March 9, 2017 at 6:24 p.m. EST
Turkish Prime Minister Binali Yildirim speaks to a group of foreign journalists in Ankara, Turkey, on March 9, 2017. (Burhan Ozbilici/AP)

In a world where some countries despair over Donald Trump and others see him as a breath of fresh air, Turkey is decidedly in the second category.

“The last seven or eight months of the Obama administration were marked by its total absence” as far as Ankara was concerned, said Ibrahim Kalin, spokesman and senior adviser to President Recep Tayyip Erdogan. From what Turkey saw as his mistaken Syria policy to his foot-dragging on U.S. extradition of the alleged mastermind of last year’s coup attempt here, Barack Obama “simply was not there,” Kalin said.

Now, after an extended period of tension between the two NATO allies, “we have positive opinions of the new administration,” Prime Minister Binali Yildirim said Thursday. President Trump and Erdogan have spoken, and Yildirim met in Europe recently with Vice President Pence.

Trump's order to the Pentagon to beef up its anti-Islamic State strategy has sparked a belief here that Turkey's views will be paid more heed. Ankara also hopes for an early decision to extradite Turkish Muslim cleric Fethullah Gulen from his Pennsylvania residence.

But despite the warm words and intimations of change, Turkey is probably headed for disappointment, as Trump, who prides himself on dealmaking and straight talk, finds that his ability to satisfy Ankara’s demands is limited.

So far, at least, Trump’s direction on the issues Turkey cares about most shows little sign of differing from that of his predecessor.

Senior officials, who met here this week with a group of U.S.-based reporters invited to hear Ankara’s official concerns, insisted that Turkey, despite recently strengthening its relations with Russia, remains firmly tied to the West. But some of “our Western friends genuinely have a hard time understanding these complicated stories” that drive Turkey, said Mehmet Simsek, the deputy prime minister and a former finance minister.

Syria is among the most complicated stories of all. Turkey thinks that the U.S. reliance on Syrian Kurds to fight the Islamic State in that country is both misbegotten and insulting. As the Pentagon completes plans for an offensive to conquer the city of Raqqa, the militants' Syrian capital, Turkey has offered its own troops and Syrian Arab allies as alternatives.

U.S. forces in Syria try to keep warring allies apart

“This operation should be carried out jointly by the United States and Turkey,” Yildirim said. Turkey believes that the Kurdish force, known as the People’s Protection Units, or YPG, is a terrorist organization allied with Turkish separatists that both Ankara and Washington have designated as terrorists. “You cannot simply eradicate a terrorist organization by making use of another terrorist organization,” Yildirim said.

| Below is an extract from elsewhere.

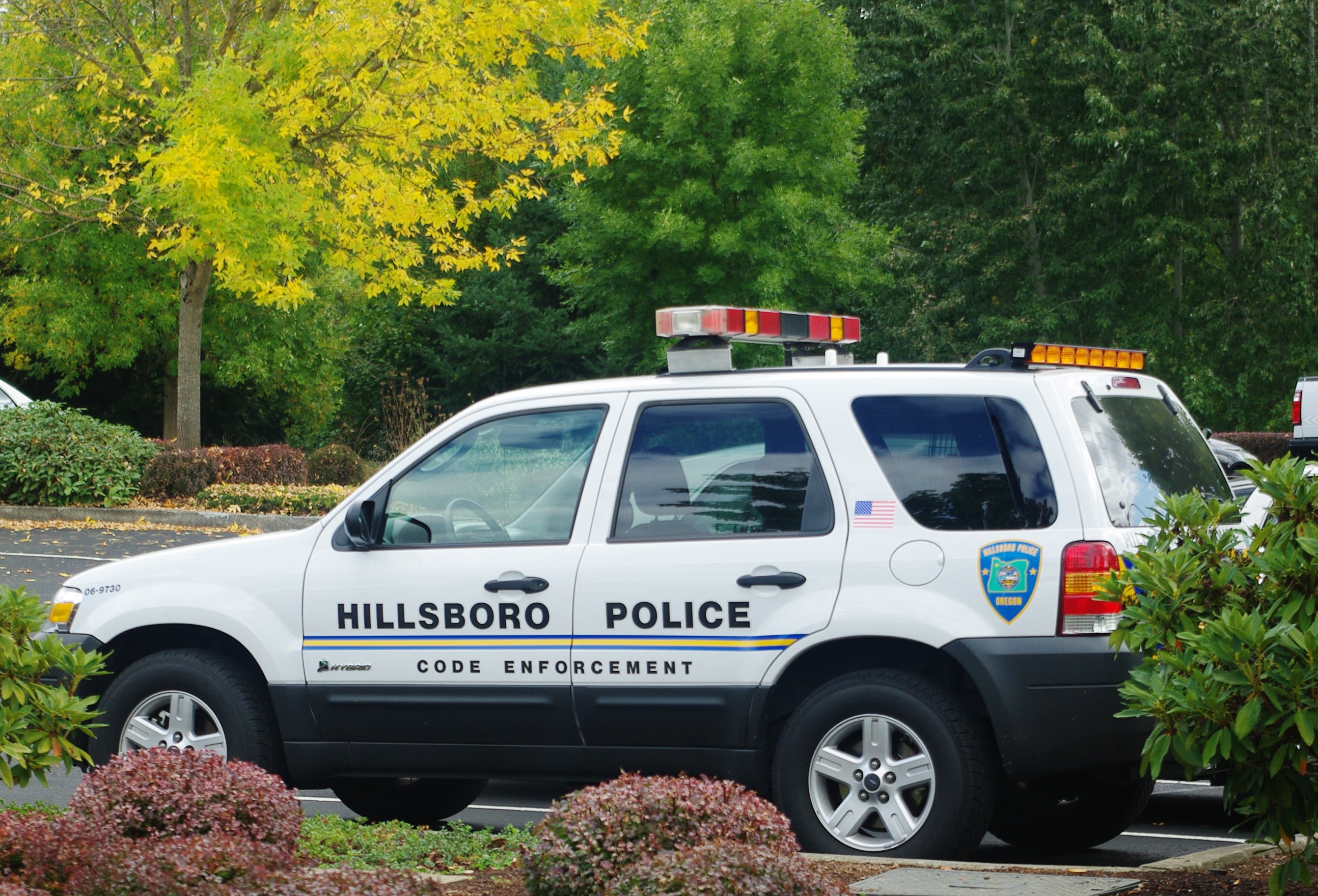 White police SUV marked Code Enforcement with emergency lights parked outdoors.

If Washington insists, he said, “the friendship between the United States and Turkey will be significantly damaged and undermined.”

Kalin acknowledged that some in the new U.S. administration “are pushing for the old plan” drawn up under Obama. But Turkey thinks that within the Trump administration, there are “those who say we have to take Turkey’s concerns into account and consider other alternatives.”

A new version of the plan submitted to Trump late last month is much the same as the old one, calling for an alliance with the YPG and the United States’ own Syrian Arab forces. U.S. officials privately dismiss Turkey’s view of the YPG and have little confidence in the ability of Turkey and its allied Syrian rebel forces to substitute for the Kurds on what has become a tight timeline to launch the invasion of Raqqa during the first half of this year.

Rather than directly communicate that view to Ankara, however, the Trump administration is seeking to convince Turkey that it will not allow the Kurds to occupy Raqqa and will find a significant role for Turkey and its Arab allies in a later phase of stabilizing the city.

Marine Gen. Joseph F. Dunford Jr., the chairman of the Joint Chiefs of Staff, has met several times in recent months with his Turkish counterpart, Gen. Hulusi Akar, including a two-day session in the city of Antalya this week that Russia’s military chief of staff, Gen. Valery Gerasimov, also attended.

Their immediate goal was to "deconflict" military operations in what has become an increasingly chaotic battlefield in and around the northern Syrian town of Manbij, which was seized from the Islamic State last summer by the Syrian Democratic Forces, consisting of Kurds and Arabs. In recent days, U.S. troops have taken up positions around the town to prevent fights between the SDF and other U.S. allies in a force backed by Turkey.

Syrian government forces and Russia — which has been building its own relationship with the ­Syrian Kurds — have moved between the sides to form a buffer. In an unusually pointed message that highlighted Turkey’s frustration, Foreign Minister Mevlut ­Cavusoglu said Thursday that his country would fight the U.S.-backed Kurdish forces if they did not withdraw from the town and would have “a problem” with Russia if it interfered.

Turkish sensitivities are particularly acute at the moment, with Erdogan fighting for approval of an April 16 referendum measure that would change Turkey’s governing system from a European-style parliamentary system to a U.S.-like presidential system. Even as it gingerly approaches Washington, the Erdogan government has engaged in outright shouting matches with Germany and other European countries that have barred Turkish cabinet members from campaigning for diaspora votes.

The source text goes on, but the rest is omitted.